Something about database and recursion
The first recursion you should know is a tree. It is used for directed graphs with a single root. Like a company and its sub companies.
This is a so called "fishhook" in an ER Diagram (to be exact: It's a fishhook when it has a direction and an existance depends on the root object).
+----------+
| company | <---+
+---+------+ * |
|1 |
+------------+
owns
But what you need is not a tree. A follows
relation is a many to many relation with no direction.
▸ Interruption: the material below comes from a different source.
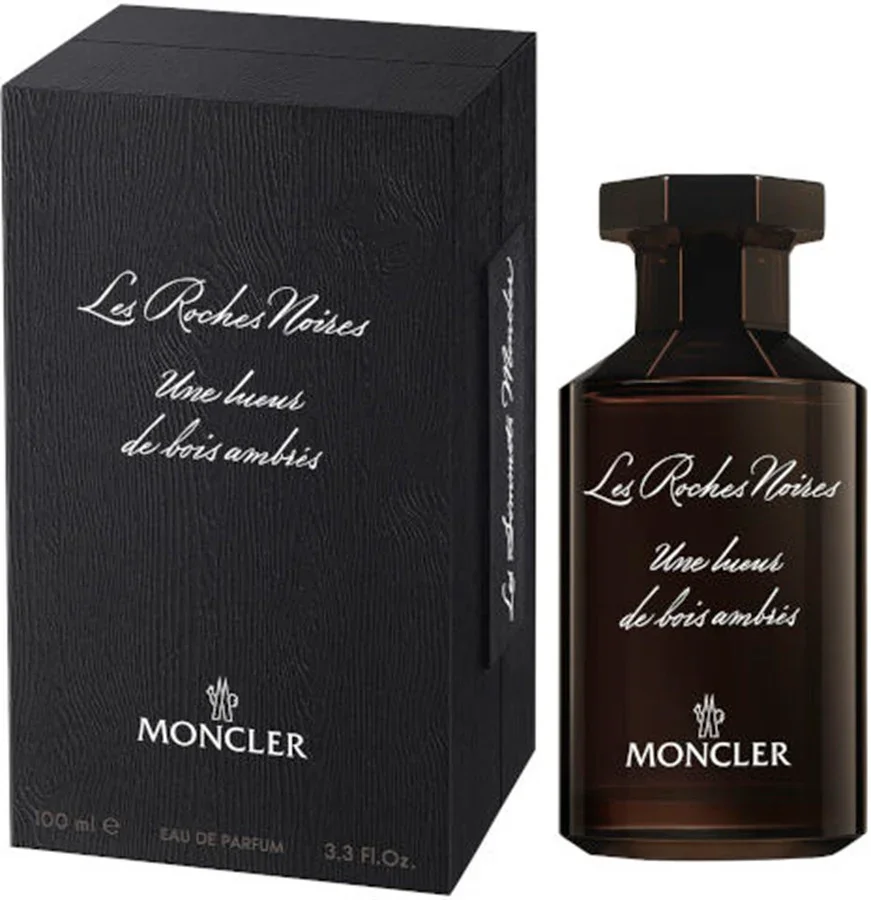 Moncler Les Roches Noires Eau de Parfum for Unisex - Image 2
So we have to change the model:
+----------+
| user | ----+
+---+------+ * |
|* |
+------------+
follows
To archive this, you need a table to store the relations.
Let us call the table follower. It will contain the id of the follower and the followed user. For each unique combination there is an entry in the database.
A script to create it, (in postgres dialect):
CREATE TABLE public.user (
id bigint NOT NULL,
name character varying(100) NOT NULL
);
CREATE TABLE public.follower(
id bigint NOT NULL,
follower_id bigint NOT NULL
);
-- pk user
ALTER TABLE ONLY public.user
ADD CONSTRAINT user_pkey PRIMARY KEY (id);
-- pk follower
ALTER TABLE ONLY public.follower
ADD CONSTRAINT follower_pkey PRIMARY KEY (id, follower_id);
-- foreign keys
ALTER TABLE ONLY public.follower
ADD CONSTRAINT follower_fk1 FOREIGN KEY (id) REFERENCES public.user(id);
ALTER TABLE ONLY public.follower
ADD CONSTRAINT follower_fk2 FOREIGN KEY (follower_id) REFERENCES public.user(id);
Some impacts of this model
If you have a graph like that: bob follows judy, judy follows bob
you may end in an endless loop.
If you want to find followers of followers ... you have to query
several times. There are some vendor specific extensions for
recursive queries, but plain ANSI SQL doesn't support this (and so
your OR Mapper will no support it out of the box).
My point of view: It is a model, where a relational database doesn't fit well. A graph DB, like neo4j is a better choise for that case.